[Recorded data]
::::::::::

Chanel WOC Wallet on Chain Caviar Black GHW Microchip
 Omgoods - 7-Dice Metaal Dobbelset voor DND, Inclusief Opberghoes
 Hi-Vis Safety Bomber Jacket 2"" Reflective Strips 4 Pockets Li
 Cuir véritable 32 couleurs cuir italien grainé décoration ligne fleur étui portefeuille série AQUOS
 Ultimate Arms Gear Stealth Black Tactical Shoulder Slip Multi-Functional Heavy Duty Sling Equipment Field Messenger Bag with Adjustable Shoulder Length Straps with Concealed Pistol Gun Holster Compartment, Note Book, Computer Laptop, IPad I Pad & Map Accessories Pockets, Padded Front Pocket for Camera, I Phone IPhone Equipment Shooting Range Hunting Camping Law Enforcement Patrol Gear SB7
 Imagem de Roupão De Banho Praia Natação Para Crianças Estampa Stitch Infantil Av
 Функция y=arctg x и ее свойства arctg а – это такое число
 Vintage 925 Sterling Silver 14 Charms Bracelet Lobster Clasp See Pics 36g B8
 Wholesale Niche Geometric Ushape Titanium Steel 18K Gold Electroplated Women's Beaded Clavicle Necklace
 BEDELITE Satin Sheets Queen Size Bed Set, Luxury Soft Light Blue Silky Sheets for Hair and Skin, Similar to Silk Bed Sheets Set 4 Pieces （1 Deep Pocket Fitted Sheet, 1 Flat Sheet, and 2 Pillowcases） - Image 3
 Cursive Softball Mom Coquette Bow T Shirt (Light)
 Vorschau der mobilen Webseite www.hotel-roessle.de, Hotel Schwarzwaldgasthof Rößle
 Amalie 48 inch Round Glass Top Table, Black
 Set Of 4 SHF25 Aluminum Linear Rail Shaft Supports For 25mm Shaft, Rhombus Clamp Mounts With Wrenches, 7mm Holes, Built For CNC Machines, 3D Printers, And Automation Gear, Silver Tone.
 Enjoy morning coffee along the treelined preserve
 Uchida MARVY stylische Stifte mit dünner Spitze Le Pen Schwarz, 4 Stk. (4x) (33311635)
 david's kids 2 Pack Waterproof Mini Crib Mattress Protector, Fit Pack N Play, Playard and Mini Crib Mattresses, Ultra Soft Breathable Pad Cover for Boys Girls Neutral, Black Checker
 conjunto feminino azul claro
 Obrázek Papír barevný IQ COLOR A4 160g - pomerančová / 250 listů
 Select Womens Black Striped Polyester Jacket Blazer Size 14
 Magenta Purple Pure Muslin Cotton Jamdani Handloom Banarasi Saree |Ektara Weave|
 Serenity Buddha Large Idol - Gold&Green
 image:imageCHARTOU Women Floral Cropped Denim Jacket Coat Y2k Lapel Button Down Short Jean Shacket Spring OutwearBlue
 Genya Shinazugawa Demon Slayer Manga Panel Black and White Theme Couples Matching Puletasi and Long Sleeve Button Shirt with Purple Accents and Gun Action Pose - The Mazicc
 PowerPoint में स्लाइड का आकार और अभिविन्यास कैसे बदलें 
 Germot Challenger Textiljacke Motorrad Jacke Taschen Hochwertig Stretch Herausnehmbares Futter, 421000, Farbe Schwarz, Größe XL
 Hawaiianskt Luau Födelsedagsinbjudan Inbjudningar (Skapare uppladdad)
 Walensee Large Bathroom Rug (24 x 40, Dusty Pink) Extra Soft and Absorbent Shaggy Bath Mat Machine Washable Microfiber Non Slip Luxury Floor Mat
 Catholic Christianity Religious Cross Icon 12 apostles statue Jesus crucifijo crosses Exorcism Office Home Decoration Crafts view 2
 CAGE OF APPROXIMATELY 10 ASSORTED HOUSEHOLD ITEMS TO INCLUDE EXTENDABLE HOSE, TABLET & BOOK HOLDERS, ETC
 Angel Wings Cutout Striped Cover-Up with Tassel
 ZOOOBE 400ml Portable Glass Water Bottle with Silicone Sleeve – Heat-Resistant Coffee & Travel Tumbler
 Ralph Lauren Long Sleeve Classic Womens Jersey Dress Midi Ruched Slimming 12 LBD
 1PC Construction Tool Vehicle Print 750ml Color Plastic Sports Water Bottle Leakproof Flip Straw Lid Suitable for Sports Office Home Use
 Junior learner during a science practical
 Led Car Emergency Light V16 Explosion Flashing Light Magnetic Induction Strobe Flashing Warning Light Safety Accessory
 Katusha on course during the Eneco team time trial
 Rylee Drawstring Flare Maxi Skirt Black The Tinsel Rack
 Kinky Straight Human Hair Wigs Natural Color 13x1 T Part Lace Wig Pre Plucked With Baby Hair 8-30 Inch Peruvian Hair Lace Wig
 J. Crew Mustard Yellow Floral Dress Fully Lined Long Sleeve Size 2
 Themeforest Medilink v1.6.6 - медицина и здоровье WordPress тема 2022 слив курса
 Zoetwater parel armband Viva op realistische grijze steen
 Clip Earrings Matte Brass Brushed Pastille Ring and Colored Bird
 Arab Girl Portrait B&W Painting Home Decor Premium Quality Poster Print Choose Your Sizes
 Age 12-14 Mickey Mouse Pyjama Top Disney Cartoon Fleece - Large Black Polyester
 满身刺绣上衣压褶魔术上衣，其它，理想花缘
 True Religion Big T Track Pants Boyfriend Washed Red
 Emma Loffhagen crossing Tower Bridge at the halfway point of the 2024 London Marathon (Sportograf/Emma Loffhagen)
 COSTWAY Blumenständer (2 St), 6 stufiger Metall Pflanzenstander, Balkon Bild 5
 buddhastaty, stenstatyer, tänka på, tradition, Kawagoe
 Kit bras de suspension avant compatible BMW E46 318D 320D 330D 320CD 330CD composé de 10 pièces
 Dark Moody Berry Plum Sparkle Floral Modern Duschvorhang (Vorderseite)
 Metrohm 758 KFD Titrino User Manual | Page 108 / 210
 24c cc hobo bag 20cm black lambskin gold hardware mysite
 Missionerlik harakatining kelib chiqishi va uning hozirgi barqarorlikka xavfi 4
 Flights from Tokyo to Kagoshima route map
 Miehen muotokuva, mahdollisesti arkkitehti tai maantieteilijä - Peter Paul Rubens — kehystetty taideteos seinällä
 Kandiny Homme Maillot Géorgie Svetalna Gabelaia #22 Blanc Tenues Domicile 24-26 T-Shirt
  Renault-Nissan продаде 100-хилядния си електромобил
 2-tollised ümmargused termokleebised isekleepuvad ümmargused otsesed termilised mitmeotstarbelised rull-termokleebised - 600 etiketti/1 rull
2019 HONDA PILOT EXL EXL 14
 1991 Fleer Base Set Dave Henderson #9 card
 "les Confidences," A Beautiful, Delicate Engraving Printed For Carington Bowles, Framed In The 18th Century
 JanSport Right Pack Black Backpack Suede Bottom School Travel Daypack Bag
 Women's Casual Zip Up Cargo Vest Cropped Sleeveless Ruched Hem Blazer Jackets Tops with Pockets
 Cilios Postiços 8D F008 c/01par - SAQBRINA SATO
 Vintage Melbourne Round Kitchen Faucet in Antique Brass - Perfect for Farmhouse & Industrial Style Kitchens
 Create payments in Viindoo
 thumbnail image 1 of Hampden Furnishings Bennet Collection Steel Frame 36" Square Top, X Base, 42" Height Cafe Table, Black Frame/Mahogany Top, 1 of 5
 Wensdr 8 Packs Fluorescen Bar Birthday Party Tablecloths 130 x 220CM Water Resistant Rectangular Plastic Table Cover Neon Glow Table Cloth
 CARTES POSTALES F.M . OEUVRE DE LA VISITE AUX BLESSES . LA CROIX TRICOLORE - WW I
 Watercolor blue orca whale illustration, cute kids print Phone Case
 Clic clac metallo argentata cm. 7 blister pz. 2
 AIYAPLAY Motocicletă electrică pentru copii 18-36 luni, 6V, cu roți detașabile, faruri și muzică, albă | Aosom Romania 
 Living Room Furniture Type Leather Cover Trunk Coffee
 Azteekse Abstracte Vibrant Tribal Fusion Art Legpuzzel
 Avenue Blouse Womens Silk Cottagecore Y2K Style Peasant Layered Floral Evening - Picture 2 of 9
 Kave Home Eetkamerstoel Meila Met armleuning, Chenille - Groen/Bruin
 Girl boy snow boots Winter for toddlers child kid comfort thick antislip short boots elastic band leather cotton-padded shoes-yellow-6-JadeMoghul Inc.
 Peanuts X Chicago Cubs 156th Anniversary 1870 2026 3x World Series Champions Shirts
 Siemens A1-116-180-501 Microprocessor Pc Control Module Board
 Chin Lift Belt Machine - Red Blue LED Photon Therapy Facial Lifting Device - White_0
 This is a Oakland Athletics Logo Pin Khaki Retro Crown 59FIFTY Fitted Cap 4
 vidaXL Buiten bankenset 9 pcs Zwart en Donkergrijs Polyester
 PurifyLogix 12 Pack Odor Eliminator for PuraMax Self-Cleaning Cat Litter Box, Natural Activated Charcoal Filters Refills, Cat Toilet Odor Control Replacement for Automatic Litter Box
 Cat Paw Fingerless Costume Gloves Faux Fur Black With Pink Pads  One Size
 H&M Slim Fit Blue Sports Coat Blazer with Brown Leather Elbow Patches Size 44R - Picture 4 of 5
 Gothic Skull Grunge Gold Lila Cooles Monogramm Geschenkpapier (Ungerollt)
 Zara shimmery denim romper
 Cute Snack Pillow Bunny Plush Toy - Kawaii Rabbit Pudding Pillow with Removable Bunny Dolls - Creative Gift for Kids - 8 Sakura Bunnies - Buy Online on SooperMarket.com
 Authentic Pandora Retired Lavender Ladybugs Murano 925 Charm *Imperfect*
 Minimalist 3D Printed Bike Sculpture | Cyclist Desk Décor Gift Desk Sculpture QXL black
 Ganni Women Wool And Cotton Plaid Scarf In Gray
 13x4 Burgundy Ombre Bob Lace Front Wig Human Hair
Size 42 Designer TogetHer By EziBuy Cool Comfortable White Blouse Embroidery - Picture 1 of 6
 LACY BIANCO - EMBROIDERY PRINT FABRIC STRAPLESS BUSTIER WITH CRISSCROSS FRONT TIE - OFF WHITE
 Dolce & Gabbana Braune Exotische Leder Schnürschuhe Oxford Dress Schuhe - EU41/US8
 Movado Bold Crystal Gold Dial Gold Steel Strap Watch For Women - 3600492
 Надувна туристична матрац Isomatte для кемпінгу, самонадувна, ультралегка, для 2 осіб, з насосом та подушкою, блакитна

::::::::::

WORK TO COMPLETE: Only one stretch of the entries above is wanted: the lines from the one containing "conjunto feminino azul claro" through the one containing "image:imageCHARTOU Women Floral". Please reproduce it exactly.

WRITTEN SOLUTION:
 conjunto feminino azul claro
 Obrázek Papír barevný IQ COLOR A4 160g - pomerančová / 250 listů
 Select Womens Black Striped Polyester Jacket Blazer Size 14
 Magenta Purple Pure Muslin Cotton Jamdani Handloom Banarasi Saree |Ektara Weave|
 Serenity Buddha Large Idol - Gold&Green
 image:imageCHARTOU Women Floral Cropped Denim Jacket Coat Y2k Lapel Button Down Short Jean Shacket Spring OutwearBlue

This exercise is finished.